## ACTIVITY
Only the text should come through, so restate the listing exactly and drop its images.

## DATA EXCERPT
»»
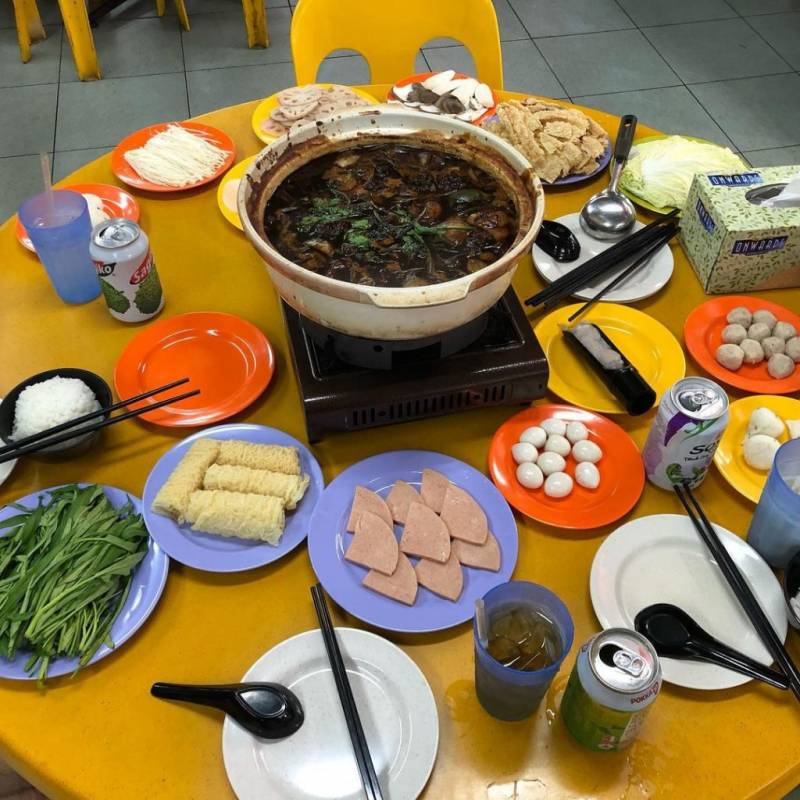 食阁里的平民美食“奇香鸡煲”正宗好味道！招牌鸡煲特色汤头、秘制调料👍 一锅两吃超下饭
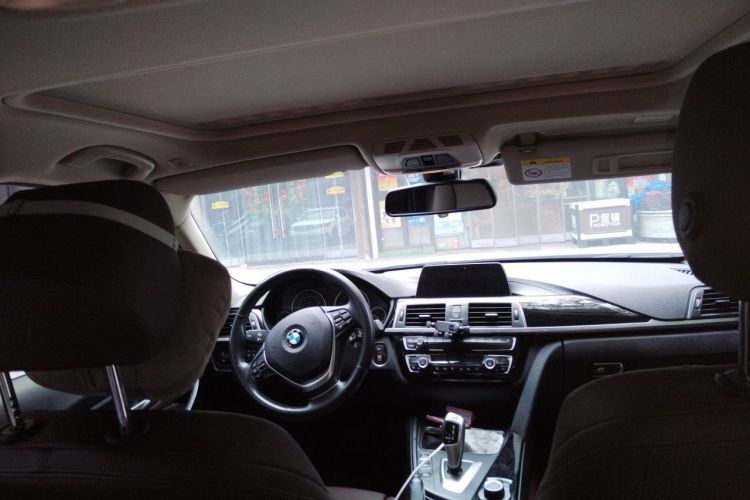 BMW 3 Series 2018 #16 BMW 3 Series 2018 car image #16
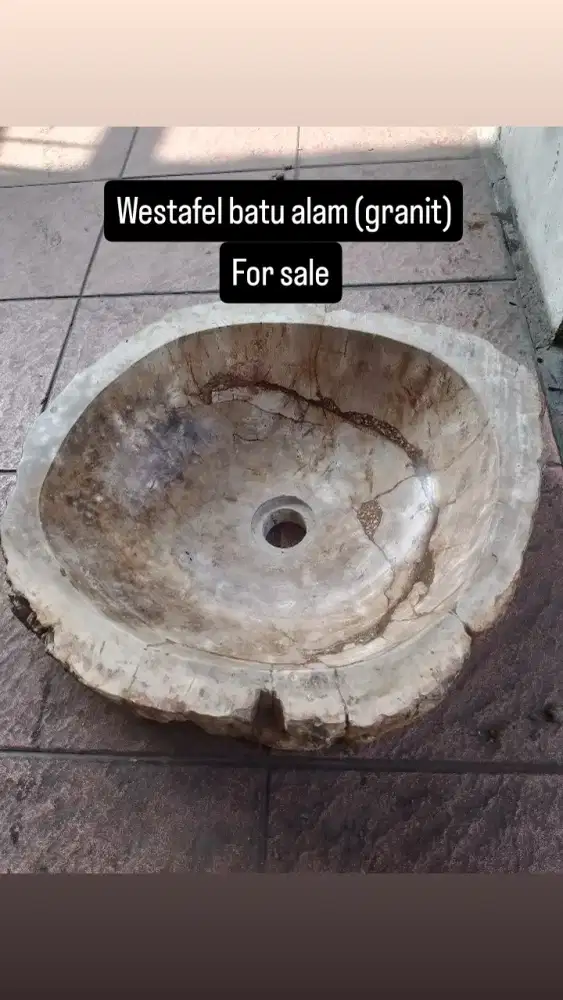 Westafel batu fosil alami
««
## EXPECTED ANSWER
 食阁里的平民美食“奇香鸡煲”正宗好味道！招牌鸡煲特色汤头、秘制调料👍 一锅两吃超下饭
 BMW 3 Series 2018 #16 BMW 3 Series 2018 car image #16
 Westafel batu fosil alami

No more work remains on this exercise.